Texas Commission on Environmental Quality (TCEQ) will livestream a Pristine Streams Stakeholder Meeting from 1:30 to 4:30 p.m. Wednesday.
To review the meeting agenda click here. To watch the meeting on YouTube click here.
The Blanco River Watershed and Upper Guadalupe River Tributaries Watershed are among waterways to be discussed during the meeting at TCEQ headquarters, 12100 Park 35 Circle, Building E Room 201S, Austin.
Twenty-two of the segments identified as pristine streams include the lower Blanco River, upper Blanco River, Cypress Creek, Johnson Creek, North Fork Guadalupe River and South Fork Guadalupe River.
Pristine streams are defined as stream segments and drainage areas with naturally occurring low levels of total phosphorous.
On March 30 TCEQ commissioners voted to deny a Pristine Streams Rule Change Petition submitted by environmental groups but opened the door for continued discussion with staff and stakeholders, according to the Wimberley Valley Watershed Association, a nonprofit working to protect water through land conservation and education across the Hill Country.
Environmental groups wanted to block new wastewater discharge permits for pristine streams because too much phosphorous in treated wastewater could result in the growth of algae and other unwanted plants.
TCEQ vetoed their rulemaking petition and issued a proposed order stating it already addresses concerns with a legally adequate program for assessing an protecting stream segments under Texas surface water-quality standards.

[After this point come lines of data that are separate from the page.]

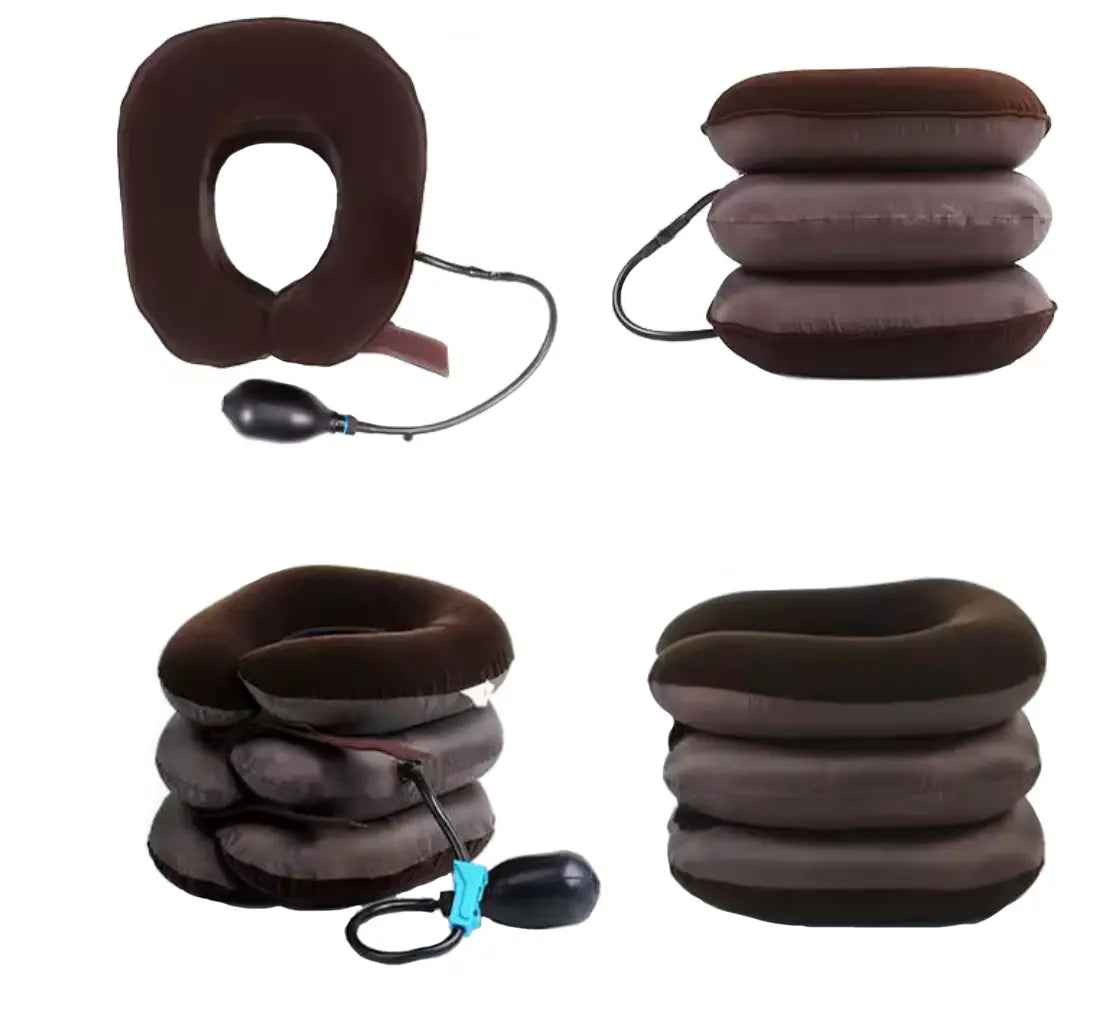 Guler cervical de elongare, decompresia coloanei, eliminarea durerilor cervicale, gonflabil, 3 camere, maro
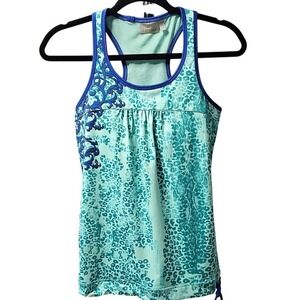 Athleta Teal Blue Animal Print Racerback Tank Top Athletic Workout Women XS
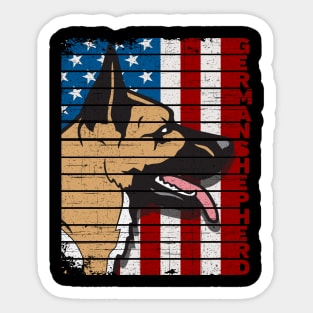 German Shepherd American Flag Sticker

According to the Sierra Club, testing for nutrients like phosphorous or nitrogen will not solve nutrient pollution or protect Texas’ pristine streams.
Besides not dumping processed waste into waterways or increasing the processing of wastewater to filter more undesirable contents like phosphorous or nitrogen, what would does TCEQ suggest would solve nutrient pollution or protect Texas’ pristine streams.